▸ **Exercise brief**:
In the records below, find the line that contains "Monroe, NC 28110" and the line that contains "Константин Голиков назначен"; write out exactly those two lines and everything between them, without the pictures.

▸ **The data**:

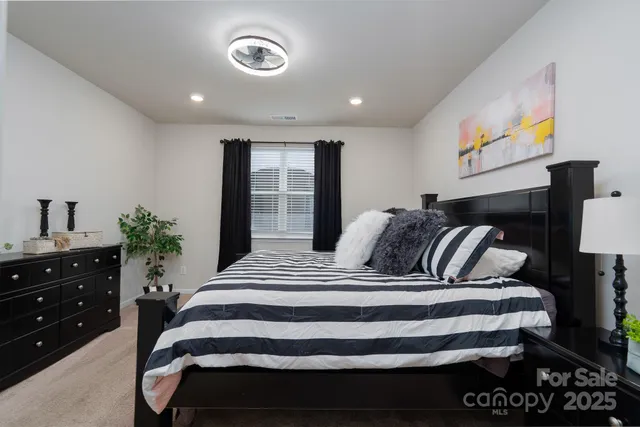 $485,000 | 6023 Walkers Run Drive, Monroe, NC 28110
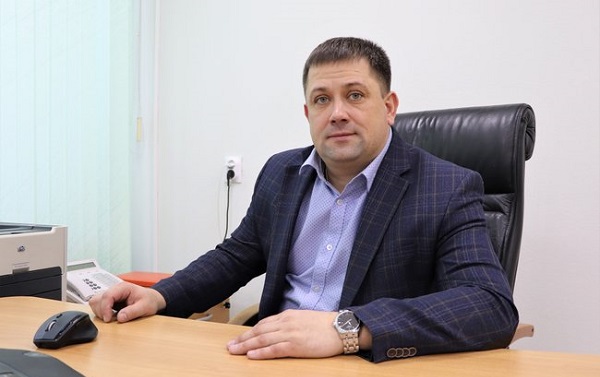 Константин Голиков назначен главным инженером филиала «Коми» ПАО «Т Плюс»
* * *
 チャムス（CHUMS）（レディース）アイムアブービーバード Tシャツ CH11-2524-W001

▸ **Response to this task**:
 $485,000 | 6023 Walkers Run Drive, Monroe, NC 28110
 Константин Голиков назначен главным инженером филиала «Коми» ПАО «Т Плюс»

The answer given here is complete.